On my morning commute to work earlier this week, I caught the beginning of a segment on National Public Radio (NPR) about “everyone’s favorite ‘Little Women’ character,” Jo. The second oldest of the four children, Jo aspires to be a writer and is the kind of woman who some say Louisa May Alcott wanted to be. She stands out among her sisters for her headstrong and creative nature, and is a feminist for her time.
In hearing women on NPR talk about Jo, I was reminded of the power books have to take us back to childhood and to make us realize how much we’ve grown. Depending on where we’re at in our lives, we experience the characters in books differently. We often grow to view characters as friends or late-night companions. They become people who we relate to, aspire to be, or promise never to be like. Sometimes we reconnect with these characters years after we close a book, and find that the connection we once had with them has weakened, or remained the same.
One woman interviewed for the NPR segment, for example, said that her view of “Little Women” changed after reading the book as an adult. “It was only reading it again that I realized that I didn’t really like the book. I like Jo the best of them, but I really didn’t like Jo either,” she said. “That family was just too good. And I think part of the thing that bothered me growing up was it made me feel very guilty because I knew I couldn’t be that good.” The woman said that as an adult, she didn’t want to read about the idealized Jo; she wanted to see more of the real Louisa May Alcott in Jo’s character.
Sometimes, we want to see ourselves in fictional characters. I sometimes compare myself to Harriet the Spy, the main character of one of my favorite childhood books, who inspired me to want to be a journalist.

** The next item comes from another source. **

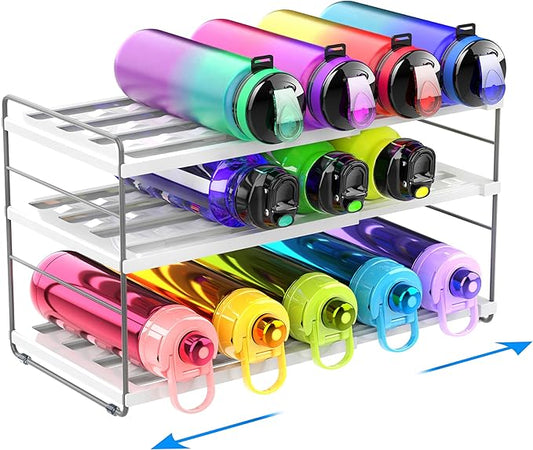 YAN & HIN Expandable Water Bottle Organizer for Cabinet, 3-Tier Tumbler & Bottle Holder, Adjustable Shelf Storage Rack for Kitchen Cabinet, Pantry & Countertop
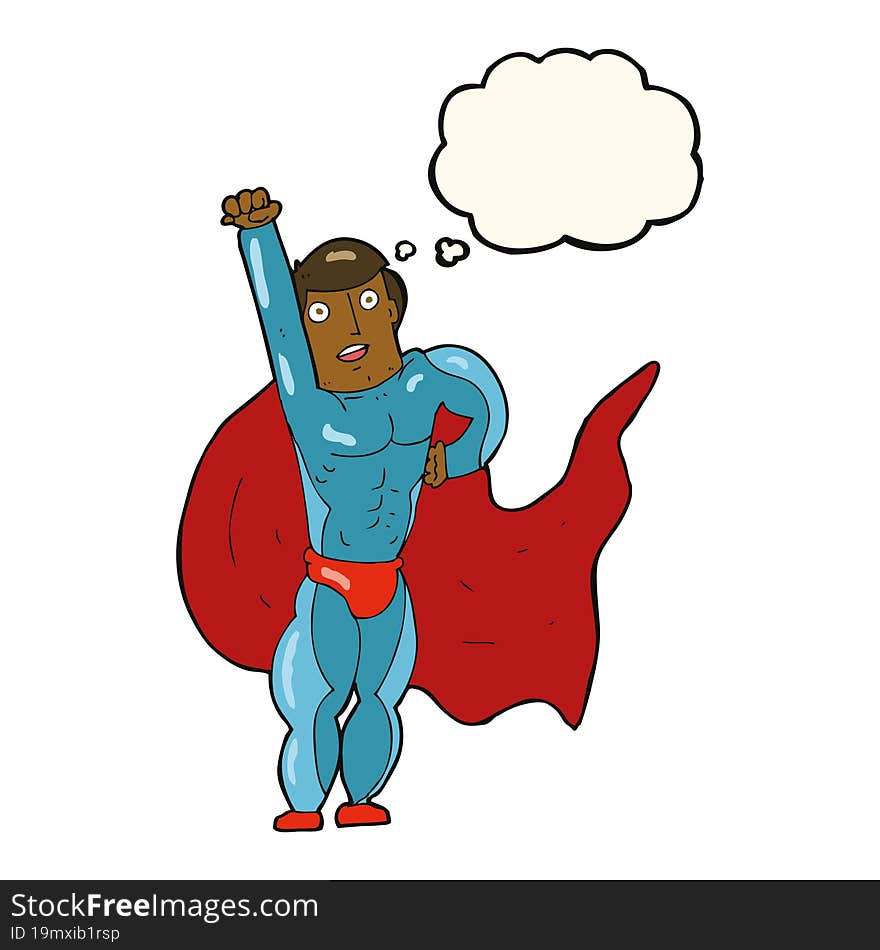 Cartoon Superhero With Thought Bubble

I recently re-read “Harriet the Spy” and found that I still loved it just as much as I did as a child. After listening to the NPR segment, I now have the urge to re-read my all-time favorite childhood book, “A Little Princess,” to see how my experience of the book changes.
I think I’ll still love Sara Crew’s charismatic nature, and I’ll probably still smile when I read my favorite scene in which Sara draws a circle for herself on the floor of her attic with a piece of chalk. She tells herself that curled up inside this circle, she will always be safe. I’m sure that re-reading this scene would make me think of my childhood, a time when chalk-drawn circles were safety nets and imagination a companion for loneliness.
Books like “Little Women,” “Harriet the Spy,” and “A Little Princess” (all pretty girly, I realize!), can bridge the gap between childhood and adulthood, brining new meaning and understanding to the stories in books and those of our lives.